◆ **ACTIVITY**: Omit the images, then repeat the listing exactly.
··········
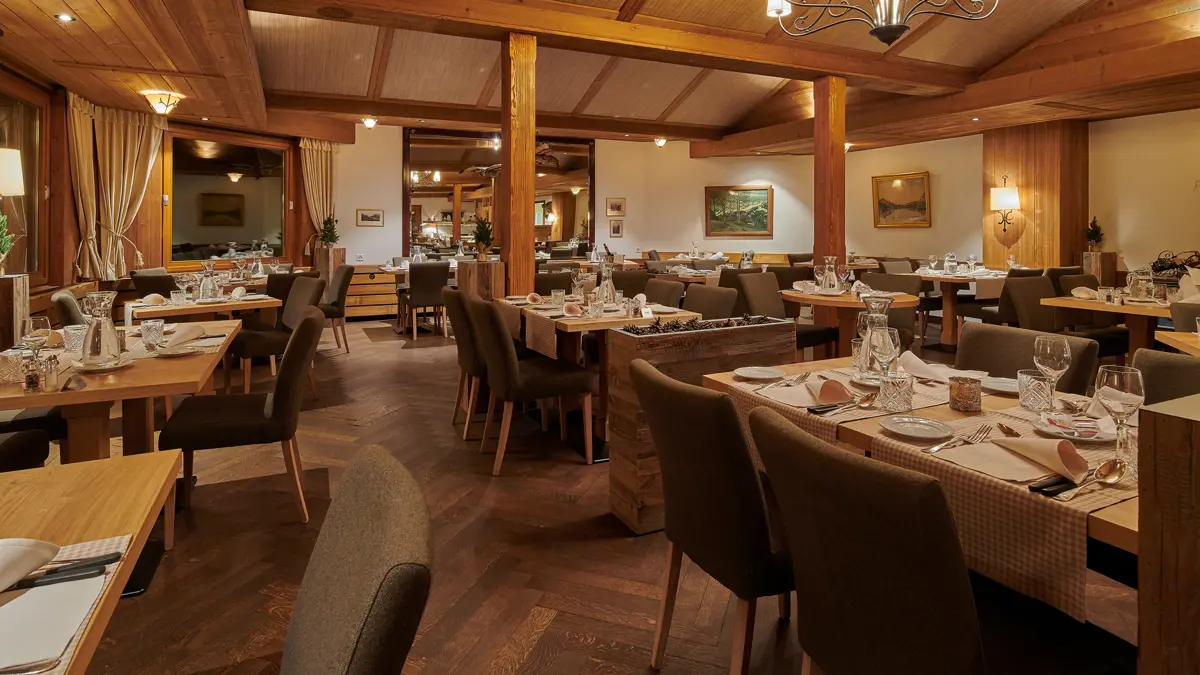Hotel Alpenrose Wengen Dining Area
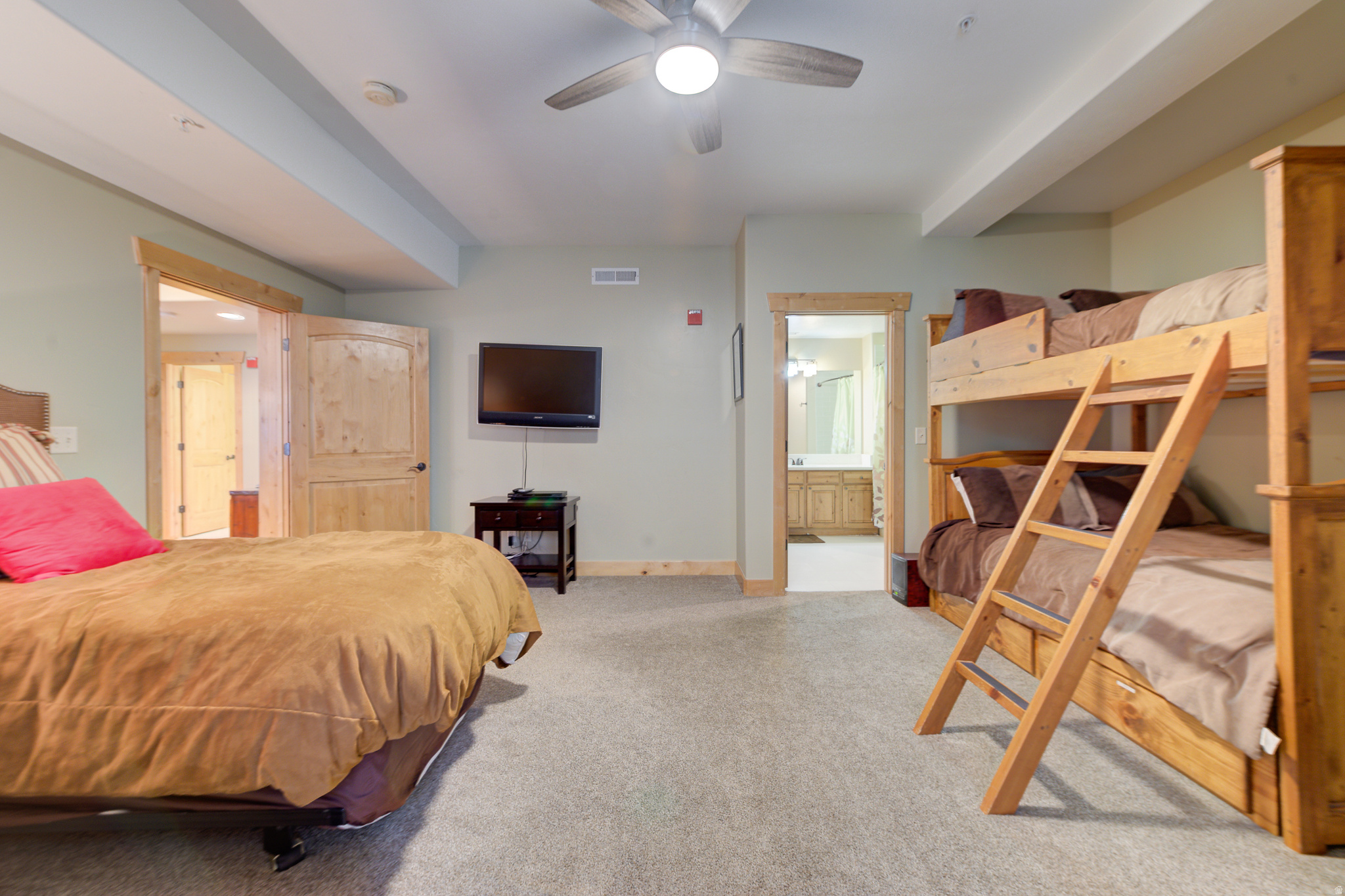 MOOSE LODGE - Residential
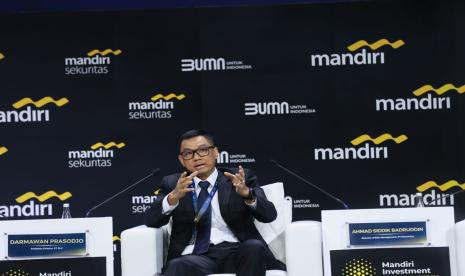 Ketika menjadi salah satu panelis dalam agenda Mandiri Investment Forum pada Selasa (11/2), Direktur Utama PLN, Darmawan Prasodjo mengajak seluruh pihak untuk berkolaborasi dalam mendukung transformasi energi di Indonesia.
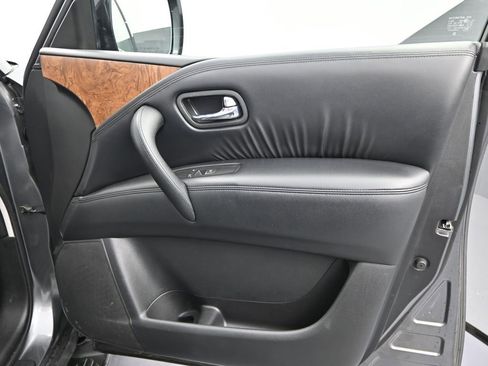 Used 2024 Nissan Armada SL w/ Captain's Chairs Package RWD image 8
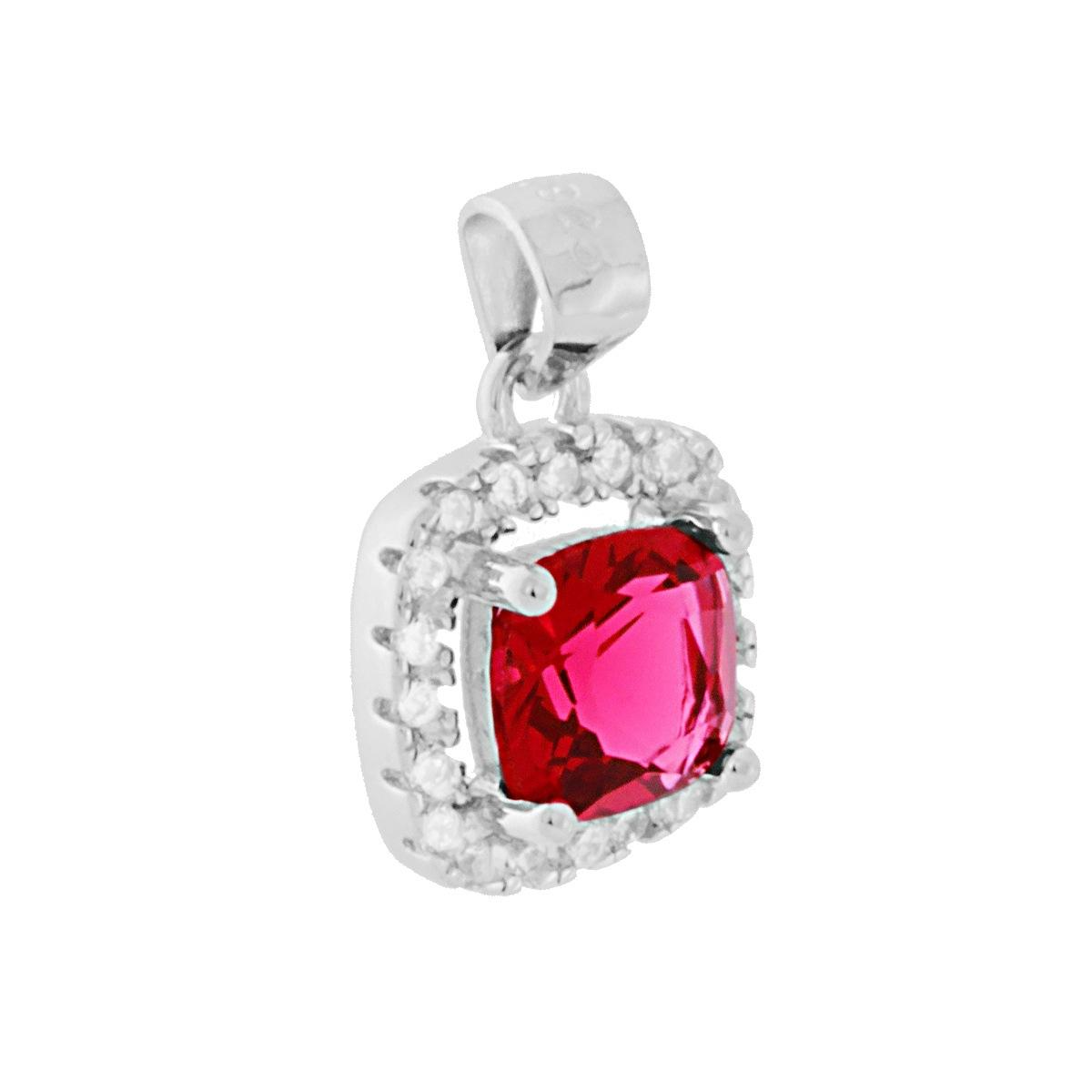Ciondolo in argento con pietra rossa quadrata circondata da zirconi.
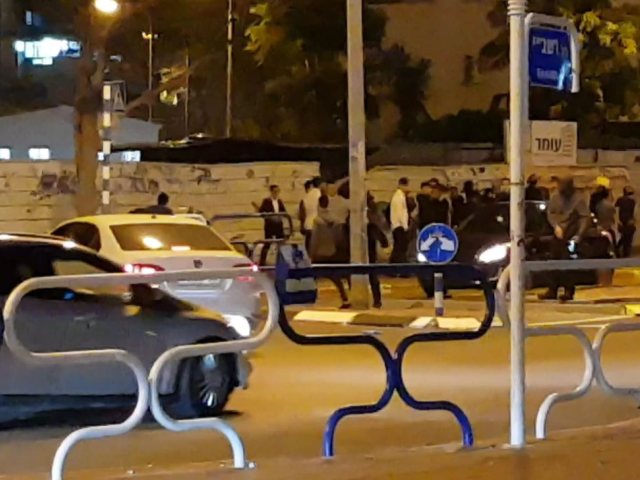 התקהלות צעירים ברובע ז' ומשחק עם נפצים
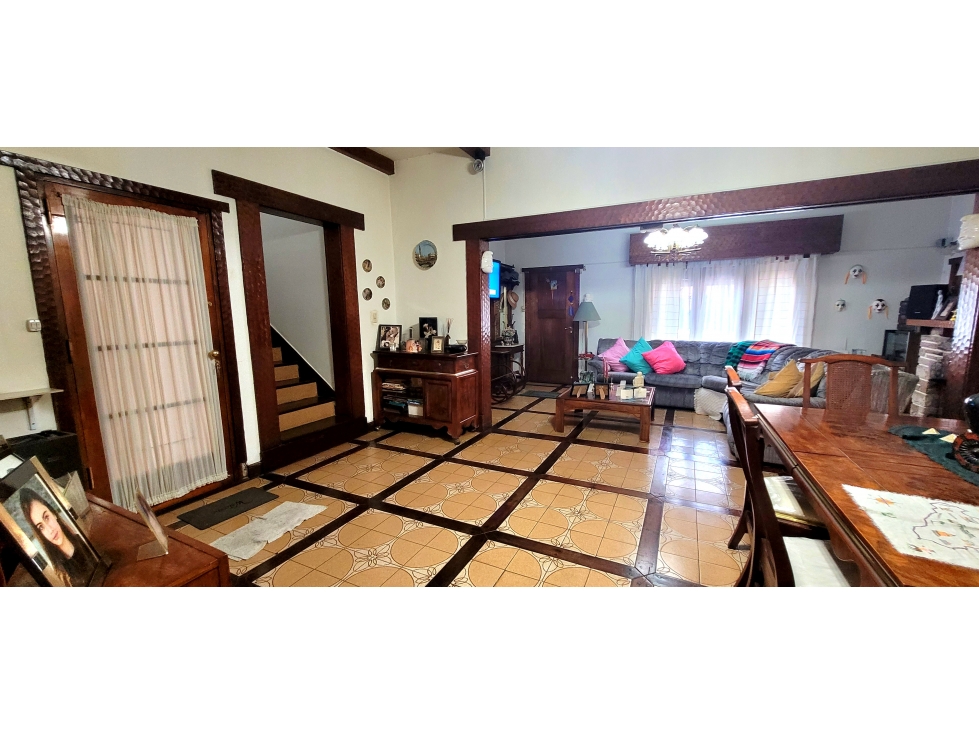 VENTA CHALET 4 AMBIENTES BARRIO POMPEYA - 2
··········
◆ **TASK RESULT**:
Hotel Alpenrose Wengen Dining Area
 MOOSE LODGE - Residential
 Ketika menjadi salah satu panelis dalam agenda Mandiri Investment Forum pada Selasa (11/2), Direktur Utama PLN, Darmawan Prasodjo mengajak seluruh pihak untuk berkolaborasi dalam mendukung transformasi energi di Indonesia.
 Used 2024 Nissan Armada SL w/ Captain's Chairs Package RWD image 8
Ciondolo in argento con pietra rossa quadrata circondata da zirconi.
 התקהלות צעירים ברובע ז' ומשחק עם נפצים
 VENTA CHALET 4 AMBIENTES BARRIO POMPEYA - 2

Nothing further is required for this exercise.